[Short descriptive text snippets]
---

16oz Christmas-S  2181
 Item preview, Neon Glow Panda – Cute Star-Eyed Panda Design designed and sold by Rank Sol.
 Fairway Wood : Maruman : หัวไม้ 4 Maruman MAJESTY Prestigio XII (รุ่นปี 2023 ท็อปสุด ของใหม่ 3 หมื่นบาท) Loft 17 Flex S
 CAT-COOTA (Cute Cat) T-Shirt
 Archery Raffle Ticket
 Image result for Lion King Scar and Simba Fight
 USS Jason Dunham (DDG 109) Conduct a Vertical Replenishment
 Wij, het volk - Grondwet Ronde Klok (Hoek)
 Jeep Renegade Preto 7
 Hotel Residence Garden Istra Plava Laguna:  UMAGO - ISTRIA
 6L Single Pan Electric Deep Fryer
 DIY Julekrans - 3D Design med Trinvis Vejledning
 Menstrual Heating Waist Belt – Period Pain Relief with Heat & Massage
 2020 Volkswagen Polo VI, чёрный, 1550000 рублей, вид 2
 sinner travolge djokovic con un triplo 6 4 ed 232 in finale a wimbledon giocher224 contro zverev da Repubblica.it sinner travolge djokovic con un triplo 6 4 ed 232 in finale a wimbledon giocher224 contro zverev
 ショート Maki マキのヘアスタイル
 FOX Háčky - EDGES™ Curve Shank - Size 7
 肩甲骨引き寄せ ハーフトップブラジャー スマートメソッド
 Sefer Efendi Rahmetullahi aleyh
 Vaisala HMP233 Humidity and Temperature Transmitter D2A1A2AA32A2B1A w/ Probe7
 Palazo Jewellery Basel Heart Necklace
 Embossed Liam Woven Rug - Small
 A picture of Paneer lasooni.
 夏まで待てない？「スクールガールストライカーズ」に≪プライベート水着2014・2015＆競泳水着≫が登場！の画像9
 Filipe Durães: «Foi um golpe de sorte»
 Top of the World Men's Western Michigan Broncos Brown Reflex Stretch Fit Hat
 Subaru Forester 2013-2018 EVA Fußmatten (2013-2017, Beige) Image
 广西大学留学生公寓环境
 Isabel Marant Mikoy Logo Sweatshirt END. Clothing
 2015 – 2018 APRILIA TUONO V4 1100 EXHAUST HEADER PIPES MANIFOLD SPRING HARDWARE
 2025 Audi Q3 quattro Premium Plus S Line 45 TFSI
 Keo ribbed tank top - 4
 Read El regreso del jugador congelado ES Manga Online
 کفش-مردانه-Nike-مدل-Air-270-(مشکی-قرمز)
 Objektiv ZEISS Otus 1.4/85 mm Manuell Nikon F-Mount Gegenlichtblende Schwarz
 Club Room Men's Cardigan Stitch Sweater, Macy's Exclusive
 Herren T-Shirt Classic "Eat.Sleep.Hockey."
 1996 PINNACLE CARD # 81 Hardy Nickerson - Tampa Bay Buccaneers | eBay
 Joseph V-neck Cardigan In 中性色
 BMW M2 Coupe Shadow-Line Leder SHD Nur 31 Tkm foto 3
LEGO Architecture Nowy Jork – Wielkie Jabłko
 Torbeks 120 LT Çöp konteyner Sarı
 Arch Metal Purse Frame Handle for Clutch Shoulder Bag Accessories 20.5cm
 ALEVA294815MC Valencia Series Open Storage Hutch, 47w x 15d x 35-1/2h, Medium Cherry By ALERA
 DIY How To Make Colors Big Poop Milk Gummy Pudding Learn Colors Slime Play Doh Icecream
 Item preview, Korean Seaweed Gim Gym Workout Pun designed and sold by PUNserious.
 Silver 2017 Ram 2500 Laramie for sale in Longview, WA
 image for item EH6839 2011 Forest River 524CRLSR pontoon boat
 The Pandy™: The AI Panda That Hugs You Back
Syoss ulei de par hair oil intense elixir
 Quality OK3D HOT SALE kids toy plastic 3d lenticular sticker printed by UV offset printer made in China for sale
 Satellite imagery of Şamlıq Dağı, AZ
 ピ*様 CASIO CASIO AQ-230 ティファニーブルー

---

Look through the entries and return each line that has the word "sold" in it.

 Item preview, Neon Glow Panda – Cute Star-Eyed Panda Design designed and sold by Rank Sol.
 Item preview, Korean Seaweed Gim Gym Workout Pun designed and sold by PUNserious.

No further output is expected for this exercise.